The first basic lesson taught in law school is how to read a case. Reading the decisions of judges and justices is widely considered the best way to “think like a lawyer.” Cases are the best representation of the adversarial system put into effect. There’s a set of facts, a law that governs the scenario, a decision made by a judge or jury, and the reasoning laid out to support the ultimate finding. But the most important sentence in the entire case — and that’s usually all it is; one sentence — is the issue. It’s phrased either as a question or a sentence beginning with “whether” and it provides the framework for the ultimate conclusion. With this in mind, advocates do all that they can to frame the issue in the best way for their client.
Framing the issue is on my mind because the issue of these Finals and this Miami Heat team seems to have been distorted. On Twitter, I had seen references made to a bizarre question, and on SportsCenter last night I heard it asked again — this time to Kurt Rambis:
If the Heat didn’t win this championship, was the “Big 3” experiment a failure?
When the question is posed this way — posed as “the issue” — it implies that it’s a good question worthy of arguments on both sides. It isn’t and it isn’t. Even if the Heat lost last night, or in Game 6, or even in the Eastern Conference Finals against Indiana, the “experiment” of re-signing Dwyane Wade and acquiring LeBron James and Chris Bosh in free agency was a wild success.
In the four years preceding “The Decision,” Miami had win totals of 47, 43, 15, and 44. The Heat hadn’t advanced beyond the first round of the playoffs since the title season in 2006. Their only high draft choice was used on Michael Beasley instead of superstars to be Kevin Love or Russell Westbrook. In the Summer of 2010 the only thing Miami had going for it was an attractive market and a whole lotta cap space.
When those ingredients plus Pat Riley’s brilliant puppet mastery led to the retention of D-Wade and acquisitions of King James and Bosh, the entire conversation changed. The challenge of the previous seasons — escaping the first round — was immediately supplanted by questions of whether the Heat would win “not one, not two…” championship rings.
As you know, the Big 3 has now been to all three possible Finals as a trio, they’ve won two rings, and they are by far and away the biggest hit show that travels to NBA arenas every season.

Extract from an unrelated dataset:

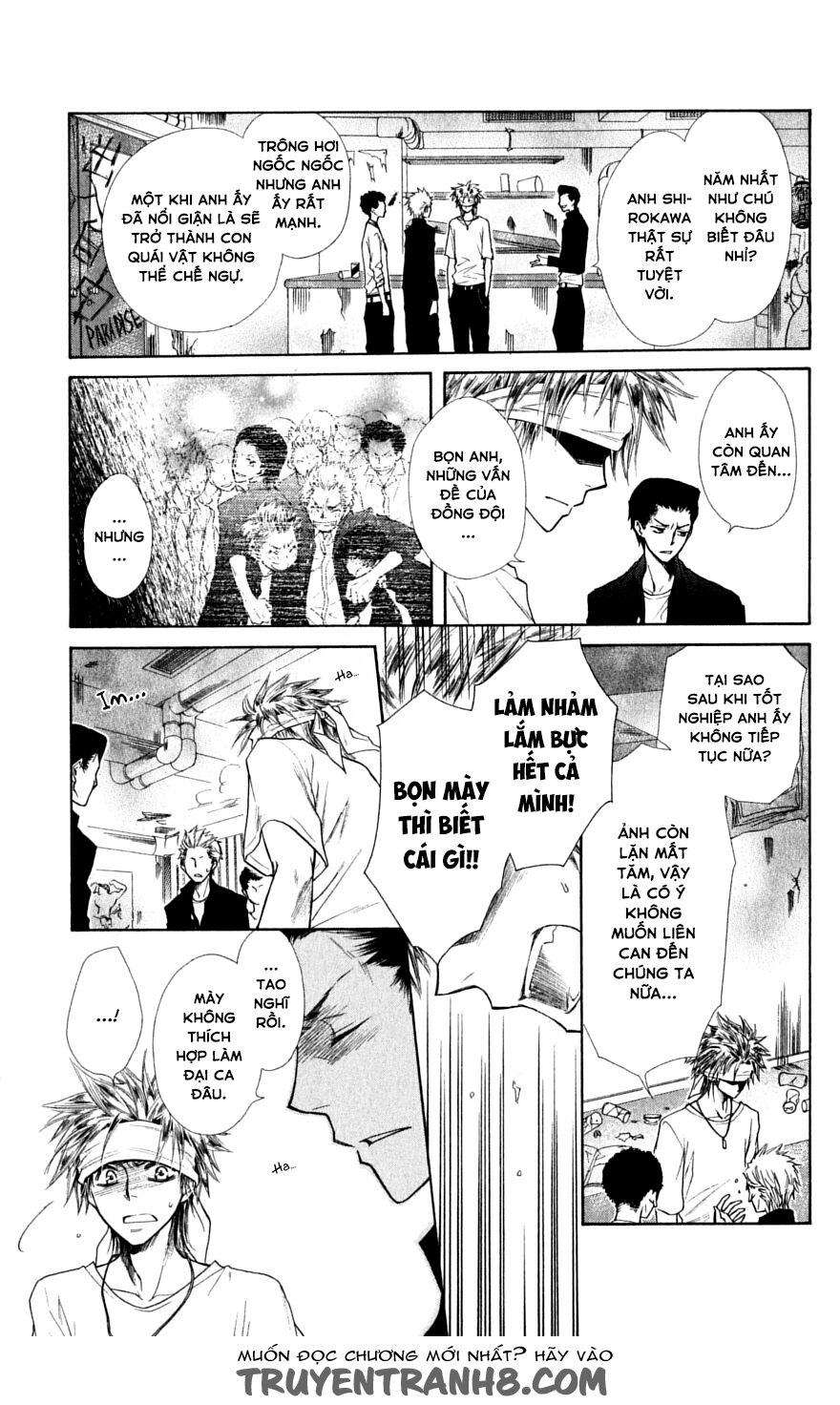 khi sếp là hầu bàn chapter 36.2 28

The way that question is posed — focusing on “the experiment” — suggests that there was some plausible alternative that might’ve been better than this embarrassment of riches. Should Riley have focused on Carmelo instead of LeBron? Should he have kept Mike Beasley and stayed away from Chris Bosh? It’s nonsense. Even if Ray Allen’s three rimmed out, or the Spurs had rallied to take Game 7 last night, the Miami Heat off-season of 2010 would’ve gone down as one of the greatest in league history.